Ele afirma que o homem tem na consciência de si mesmo, como sujeito último do pensamento, um elemento substancial, uma intuição imediata de que todos os predicados do senso interno se referem ao eu como sujeito. Rompe uma vez mais com a contingência e a relatividade de ser em relação ao Absoluto, afirmando: "não podemos continuar pensando este eu como predicado de algum outro sujeito.
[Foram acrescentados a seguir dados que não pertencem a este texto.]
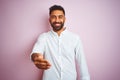 Young indian businessman wearing elegant shirt standing over isolated pink background smiling friendly offering handshake as Royalty Free Stock Photo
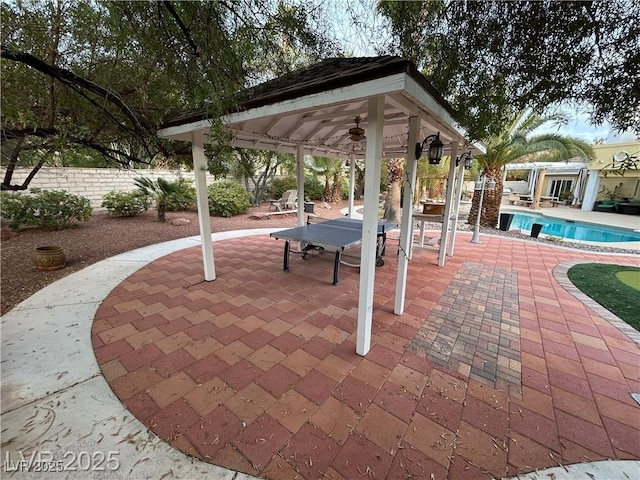 view of property's community featuring a gazebo, a swimming pool, fence, and a patio area
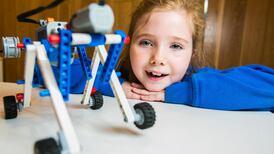 Video: Kids gear up to build moving Lego robot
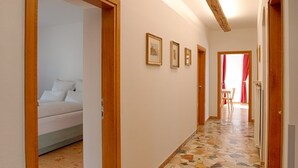 A hallway with a bed in the left room, a dining area with a table and chairs, and a door leading to another room. - Apartment Hofgarten - Alpstay (Naturno)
Por onde, aqui se nos afigura que a totalidade na relação dos conceitos dados como predicados a um sujeito, não é apenas ideia, mas que o objeto, a saber, o próprio sujeito absoluto, nos seja dado na experiência" (Kant 1959 108-109).
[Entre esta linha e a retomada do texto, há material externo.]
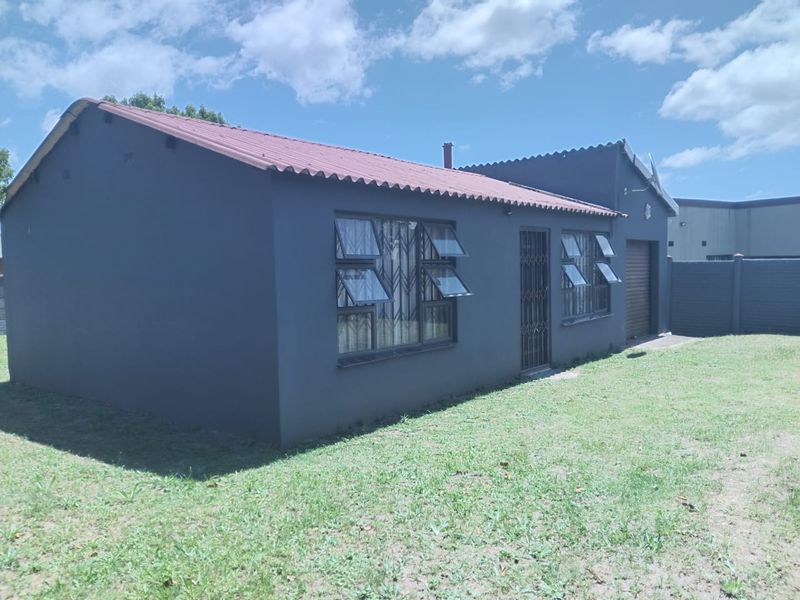 Rear view of a detached house featuring a tiled roof, security gates, burglar bars, and an attached garage, set within a private garden area.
E depois acrescenta que embora se dê o nome de substância a este eu pensante, não se pode demonstrar seu caráter de existência absolutamente permanente a partir do conceito de substância como coisa em si -de sujeito que não existe como predicado de outra coisa, que não pôde nascer ou perecer por virtude própria ou de outra coisa natural-, só como necessária para a validade da experiência. "Semelhantes proposições sintéticas a priori nunca podem ser demonstradas em si mesmas, mas apenas em relação a coisas enquanto objetos de uma experiência possível" (Id. 110).
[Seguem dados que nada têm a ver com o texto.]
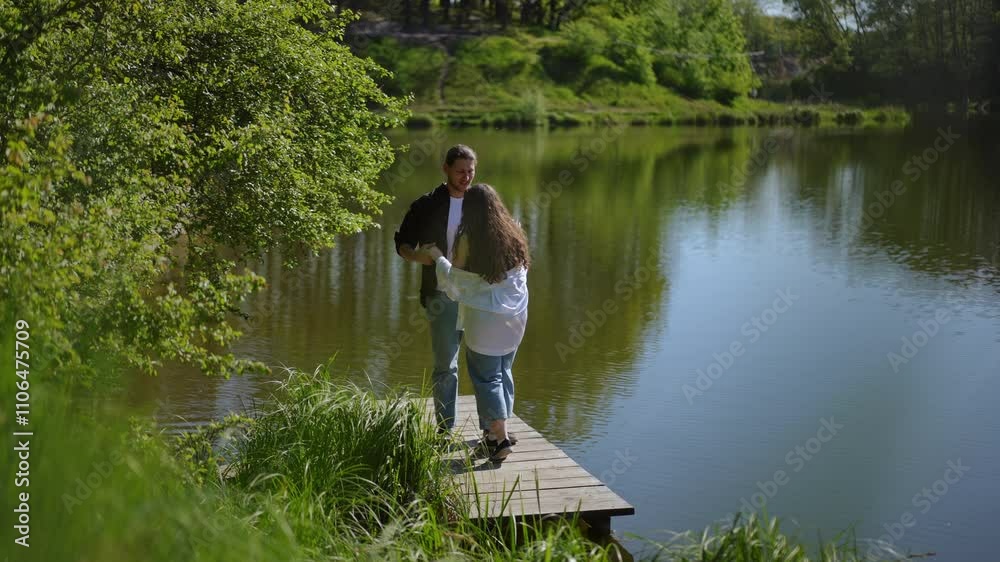 A couple enjoys the serene beauty of nature at a tranquil lake, creating cherished memories on a lovely dock A couple enjoys the serene beauty of nature at a tranquil lake, creating cherished memories on a lovely dock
Supondo, então, que haja algo, cuja existência em si mesma tenha um valor absoluto, -por isso, tendo o fim em si mesmo- e possa ser o fundamento de determinadas leis, ele crê que nesse algo, e somente nele, está o fundamento de um imperativo categórico, ou seja, de uma lei universal. Define taxativamente, então, o que seria esse algo:

    Agora eu afirmo: o homem -e, de uma maneira geral, todo o ser racional- existe como fim em si mesmo, e não apenas como meio para o uso arbitrário desta ou daquela vontade. Em todas as suas ações, pelo contrário, tanto nas direcionadas a ele mesmo como nas que o são a outros seres racionais, deve ser ele sempre considerado simultaneamente como fim (Kant 2008 58-59).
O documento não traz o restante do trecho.